[Records supplied]:
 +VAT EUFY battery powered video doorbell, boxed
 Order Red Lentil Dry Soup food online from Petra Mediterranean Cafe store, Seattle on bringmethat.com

---

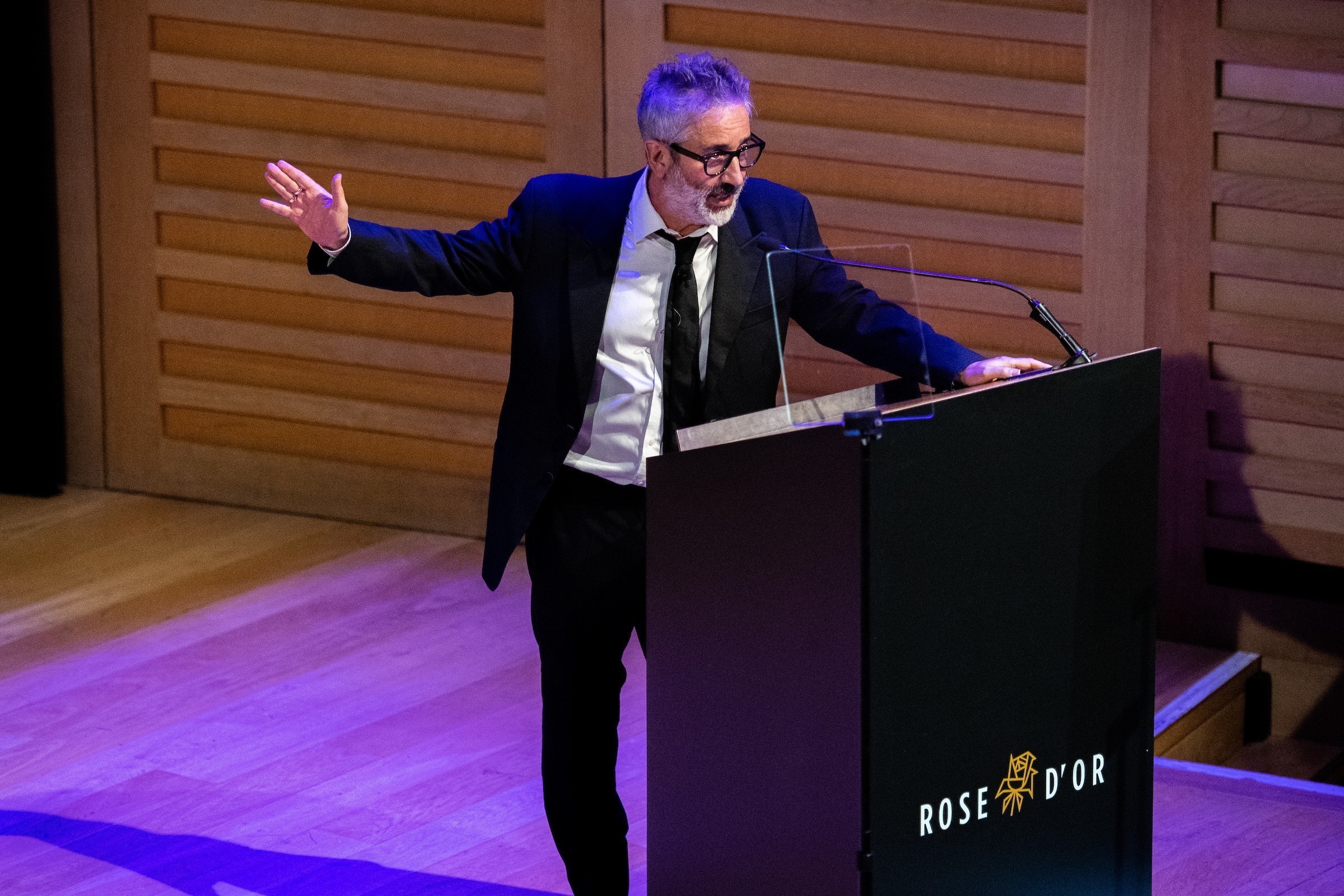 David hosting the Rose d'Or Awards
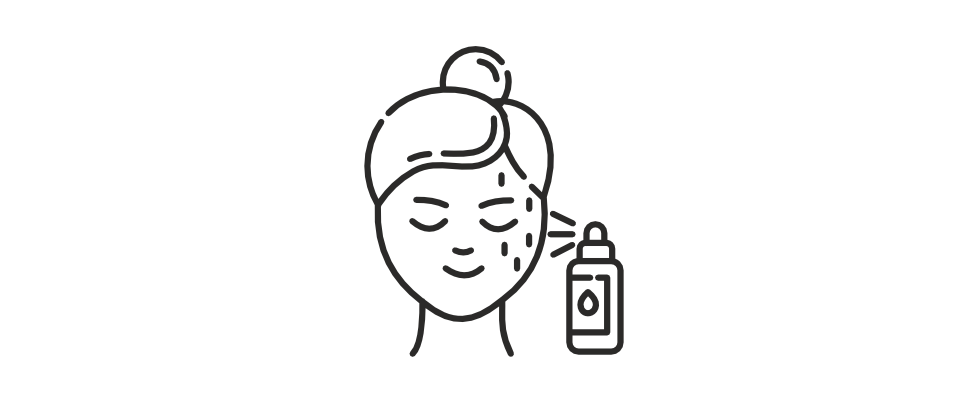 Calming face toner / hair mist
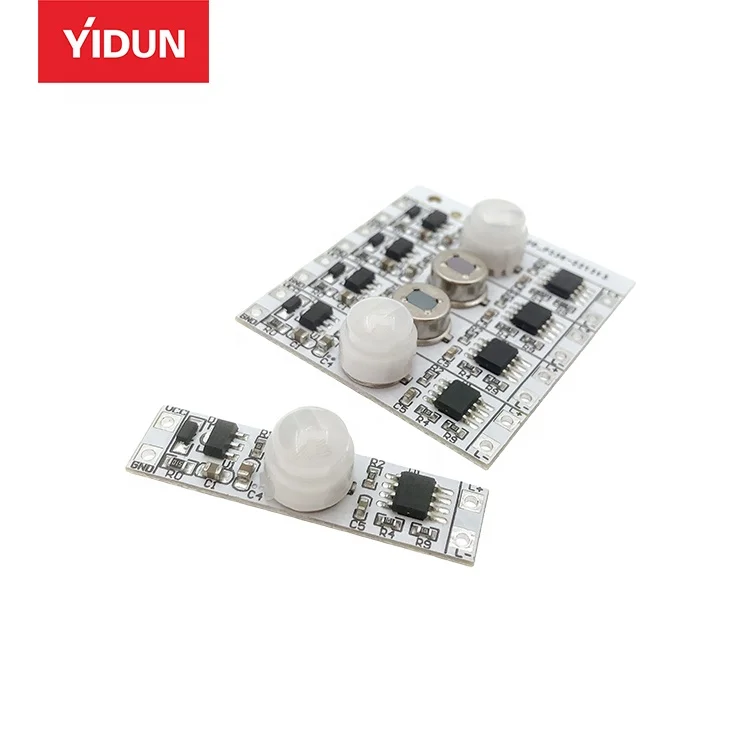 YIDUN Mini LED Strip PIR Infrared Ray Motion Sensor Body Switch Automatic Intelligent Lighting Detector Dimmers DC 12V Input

[What you are asked to do]: Reproduce exactly the section above that begins at the line containing "video doorbell, boxed" and ends at the line containing "Order Red Lentil", leaving out all other lines.

[Written answer]:
 +VAT EUFY battery powered video doorbell, boxed
 Order Red Lentil Dry Soup food online from Petra Mediterranean Cafe store, Seattle on bringmethat.com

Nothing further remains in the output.